En règle générale, il est préférable de privilégier les bières à fort taux d’alcool, c’est-à-dire à partir de 7%. Parmi les styles présentant un bon potentiel de vieillissement, les dubbel, triples et autres bières trappistes sont des candidates idéales. Ainsi, il vous sera très facile de tenter l’expérience sur plusieurs bouteilles de 10 de Rochefort, de St Bernardus 10, d’Archel, ou de Westmalle triple afin de gouter leur changement dans le temps. La liste est longue, et vous n’aurez que l’embarra du choix, tout dépend bien-sûr des arômes que vous souhaitez découvrir. Les barley wine présentent eux aussi des profils intéressants en raison de leur sucrosité, de leur taux d’alcool élevé (minimum 8% à l’instar de la Old Fogorn de chez Anchor), ainsi que pour leur équilibre malt/houblon. Les malts pâles et foncés donneront tour à tour des flaveurs madérisées, de confit, de xérès, de miel vieilli, de cuir mais aussi de carton humide, ici principal défaut. Même son de cloche pour les Imperial Stout, les Imperial Russian Stout, les Sweet Stout et autres bières lourdes vieillies en fûts de spiritueux. Une seule règle doit vous guider, fiez vous à votre nez et non à celui des autres. Votre expérience du vieillissement est par dessus tout une affaire personnelle mais surtout de gout !

La magie des bretts !
La magie des bretts !

 Vieillir, mais dans quelles conditions ?

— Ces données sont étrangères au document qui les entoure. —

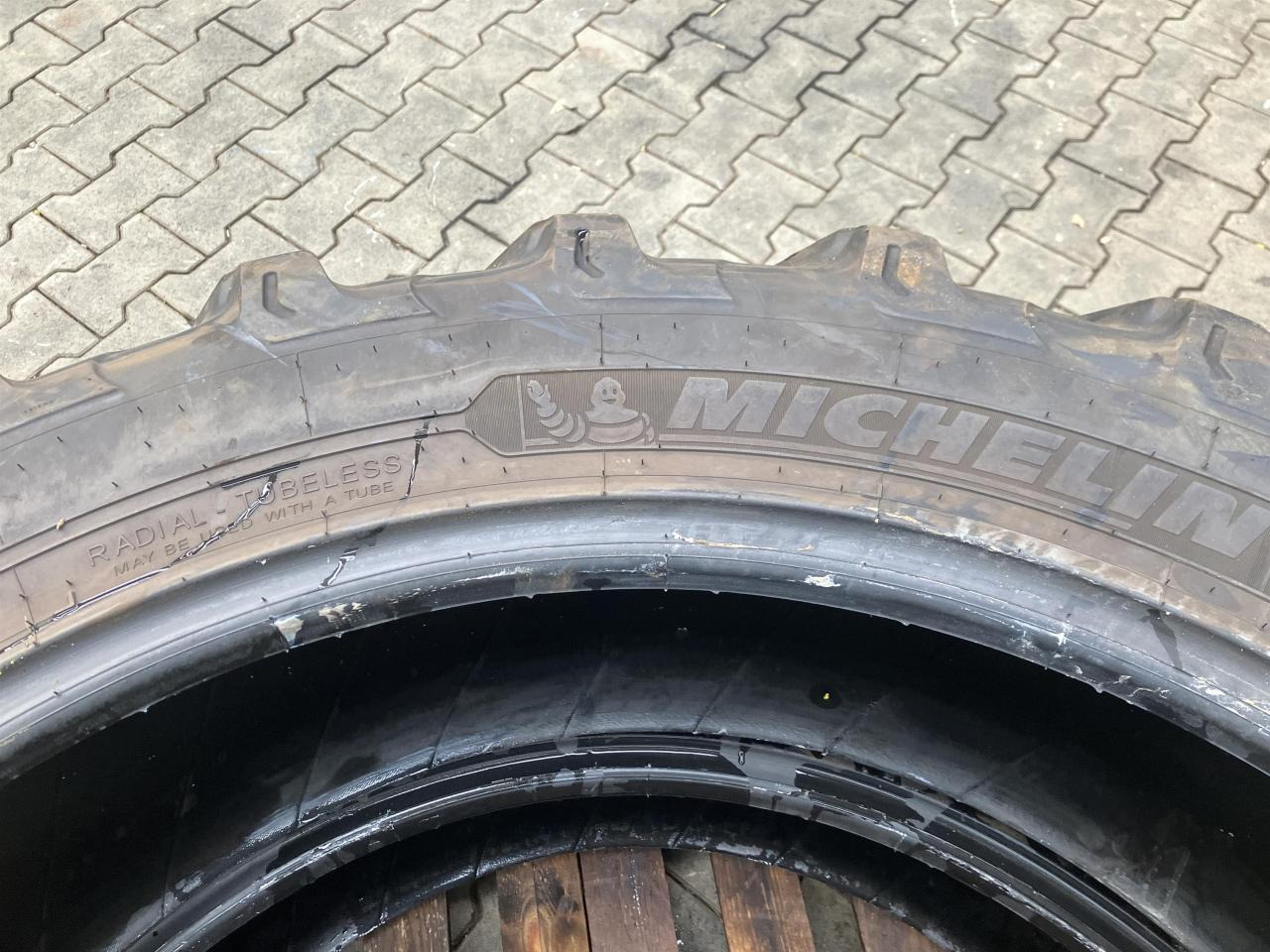 Michelin 320/85R38 - Шина для Сельскохозяйственной техники: фото 2 Michelin 320/85R38 - Шина для Сельскохозяйственной техники: фото 2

Les conditions de vieillissement sont presque aussi importantes que le choix de bouteilles elles mêmes. Préférez un endroit calme, isolé (pour éviter la tentation) et à l’écart des mauvaises odeurs comme celles dégagées par les produits ménagers. Mais avant tout, veillez à ce que vos quilles restent dans une pièce sombre à l’abri de la lumière, ennemie jurée du houblon. Privilégiez une température stable (13° est la température de conservation idéale) plutôt que des écarts importants. Le taux d’humidité quant à lui ne doit pas être trop élevé ce qui risquerait d’oxyder vos capsules, et une pièce trop sèche rendra le liège friable. Les bouteilles doivent être conservées à la verticale pour les bières à capsules, et couchées pour celles dotées d’un bouchon de liège. Pour la suite la nature fera le reste !

Infographie Skumenn

Cet article a 5 commentaires

  1. Antoine Audusseau

    Merci pour cet article très intéressant ! Je vais essayer de tenter ça 😉

  2. chevestrier

    pour des brasseries connue pas de problèmes mais pour des petites brasseries qui viennent de se lancer ( et heureusement qu’il y en as )
    attention au vinaigre très rapidement obtenue juste bon pour les cornichons !

  3. Zarski

    Bonjour

    je voudrais savoir c’est que vous pensez sur les vieillissement des EKU

    MERCI

  4. brice Lallemand

    Bonjour,
    Même les bouteilles à bouchons doivent être stockées debout car les bouchon sont en synthétique. Sauf si l’on souhaite accentuer la surface de contact de la levure.